COME ERANO I BOSINI DOCG

FERNANDO COVA - 07/07/2012

Varese nel 1833, litografia di Gandini

Quale carattere avevano i varesini “da scépa spòtiga busina” nel 1837?

Lo apprendiamo da un libro di Carlo Castiglioni: “Amore delle cose nuove e sorprendenti, curiosità di sapere, fasto delle proprie cose, gelosia del proprio diritto, cura di piacere, premura di ospitalità,

contentezza del poco, qualche indolenza dei propri affari e trascuratezza degli studj formano le note caratteristiche dei popoli di questa Città e Circondario, i quali d’altronde sono lontani dal litigio, dall’inganno, dalla immoralità, e dalla milizia”.

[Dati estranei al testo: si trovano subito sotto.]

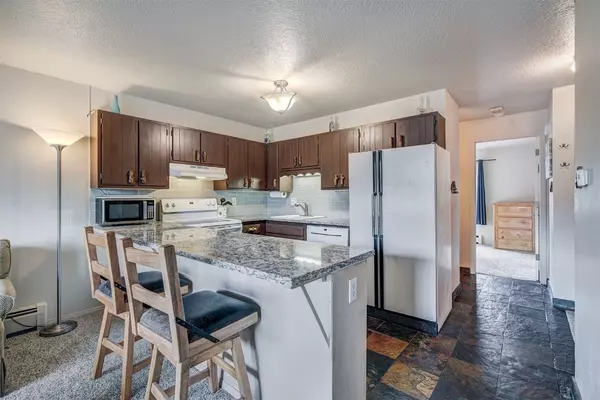 1003 Straight Creek DR #202, Dillon, CO 80435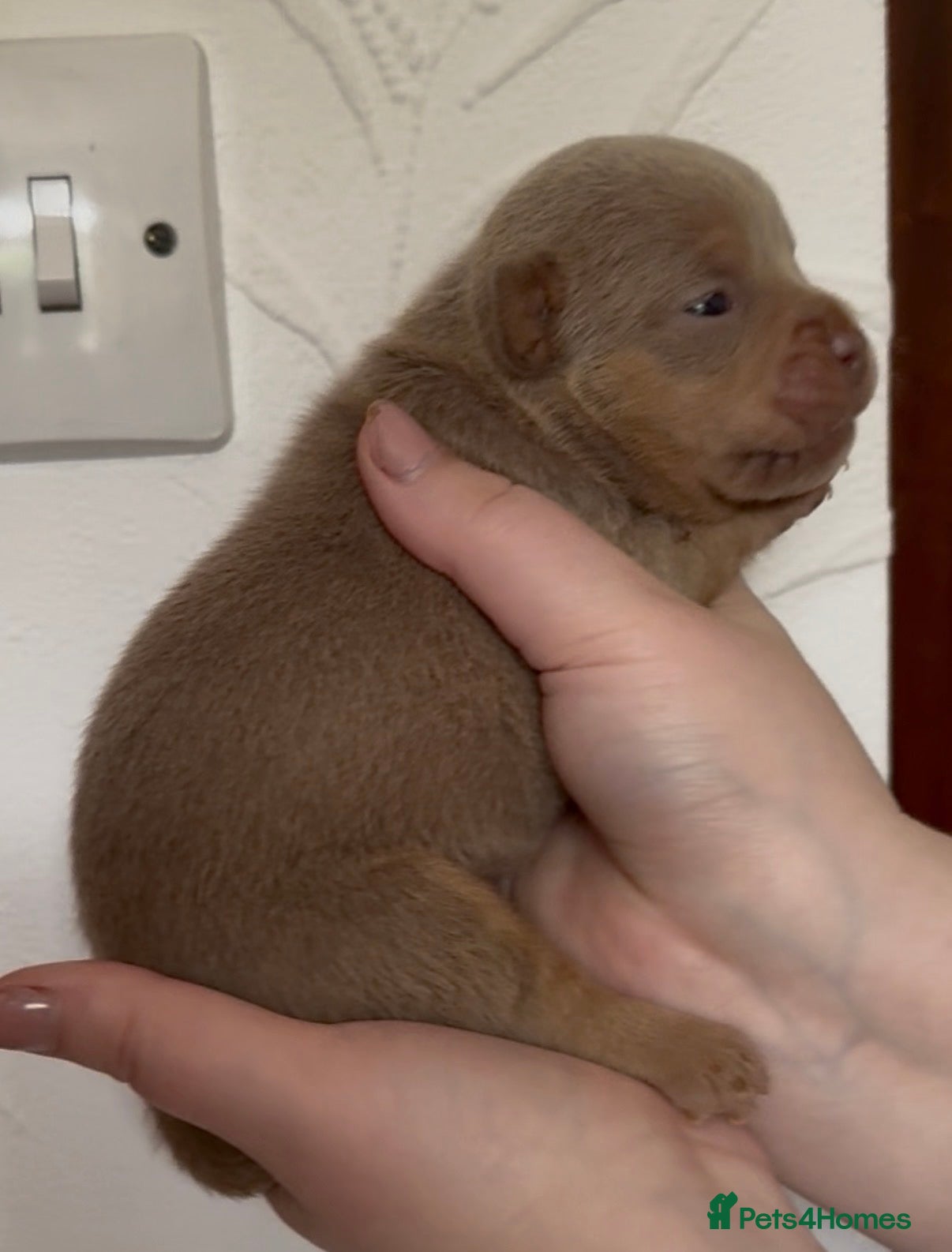 Olde English Bulldogge dogs 7 old tyme bulldog puppies available  - Advert 1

Notiamo che la popolazione è curiosa ed aperta alle novità, gelosa dei diritti comunali acquisiti nei secoli, ospitale non fosse altro perché dedita ai commerci. In “contentezza del poco” leggerei la proverbiale “taccagneria”, più portata al commercio che agli studi. Note positive sono la poca litigiosità e l’onestà, la moralità e non essere dediti alla armi.

L’autore della descrizione é il sacerdote Carlo Castiglioni che apparteneva alla nobile famiglia di Carnago; era sacerdote in san Vittore a Varese e insegnava, quale professore, nelle scuole cittadine.

Era cultore di storia locale, sunteggiò la cronaca Marliani e pubblicò nel 1837, presso Giuseppe Rainoldi, una “Storia fisica e politica della città di Varese e terre adiacenti” firmandosi P.C.C. dedicandolo all’amico G.A.C. (il maestro Giovanni Antonio Colombo ).

Nella prefazione annuncia che questo breve scritto, sessantotto pagine, avrebbe dovuto “essere una parte di un tutto che verrà seguito con nomi di topografia e memorie storiche” ma il seguito non fu mai pubblicato. Nell’ultima pagina aggiunge un invito ai varesini “ Prego chi avesse notizie pubbliche o private che riguardino la Storia di Varese o dell’antico Seprio a volerle dirigere qualora brami illustrare la patria o famiglia, alla Tipografia Rainoldi in Varese, con promettere di farne di esse buon’uso e di citarne con riconocienza gli autori”.

Voglio ricordare che la nota “tirchieria” dei Varesini è registrata sia dal Cherubini che dal Banfi. Quest’ultimo registra: Varesada = scirpiada = v. pioggiada = pioeggiaria = Pidocchieria;

Il Cherubini, allineato, ci segnala: Varesada = scirpiada dicesi anche pioggiada = pidoccheria / taccagneria / grettezza.

Mezzo secolo dopo il Dossi descriveva il commercio a Varese in maniera poco lusinghiera:

“ A Vares tutt cala de pes”. Entrate in un confettiere, vi daranno dolci stantii, paste rafferme: in un caffé, birra brusca; in un droghiere, zucchero e caffé avariati. L’orologiajo troverà una ruota di più nel vostro orologio: lo stagnajo per attaccare il manico della vostra padella vi bucherà il fondo. Dapertutto sta scritto “Nouveautès de Paris” ma il cartello é già tarmato e tutto cacature di mosche…” . Passati i tempi come nel 1756, quando un componimento poetico, contenuto nella cronaca Marliani, celebrava le delizie delle nostre zone ed era intitolato “Grand Vares”.

Per i commercianti poco onesti esistevano anche detti popolari, per i ciabattini: “Orgna, bisorgna, soela de carton, tomera de palpée (carta), gran sciavatin per robà danée”; per i salumieri che abbondavano sulla tara: “Frasch e palpée hinn l’ajiutt del cervellée”.